◆ Material to process:
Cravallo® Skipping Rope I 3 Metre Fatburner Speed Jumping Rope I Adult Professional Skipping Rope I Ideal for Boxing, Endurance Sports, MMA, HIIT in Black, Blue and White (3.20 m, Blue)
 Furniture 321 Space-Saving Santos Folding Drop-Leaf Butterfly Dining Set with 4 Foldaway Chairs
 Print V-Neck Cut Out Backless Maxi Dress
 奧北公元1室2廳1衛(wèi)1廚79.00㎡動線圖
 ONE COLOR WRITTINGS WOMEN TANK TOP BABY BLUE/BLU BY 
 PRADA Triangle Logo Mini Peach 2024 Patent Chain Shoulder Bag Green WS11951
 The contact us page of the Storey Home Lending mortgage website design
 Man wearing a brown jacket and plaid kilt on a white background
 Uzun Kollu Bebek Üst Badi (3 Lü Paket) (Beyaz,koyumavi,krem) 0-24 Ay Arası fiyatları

◆ Directions for this task: Copy out the line holding "奧北公元1室2廳1衛(wèi)1廚79.00㎡動線圖". Then copy every later line of the data, unchanged, through the last one.

◆ Response to the exercise:
 奧北公元1室2廳1衛(wèi)1廚79.00㎡動線圖
 ONE COLOR WRITTINGS WOMEN TANK TOP BABY BLUE/BLU BY 
 PRADA Triangle Logo Mini Peach 2024 Patent Chain Shoulder Bag Green WS11951
 The contact us page of the Storey Home Lending mortgage website design
 Man wearing a brown jacket and plaid kilt on a white background
 Uzun Kollu Bebek Üst Badi (3 Lü Paket) (Beyaz,koyumavi,krem) 0-24 Ay Arası fiyatları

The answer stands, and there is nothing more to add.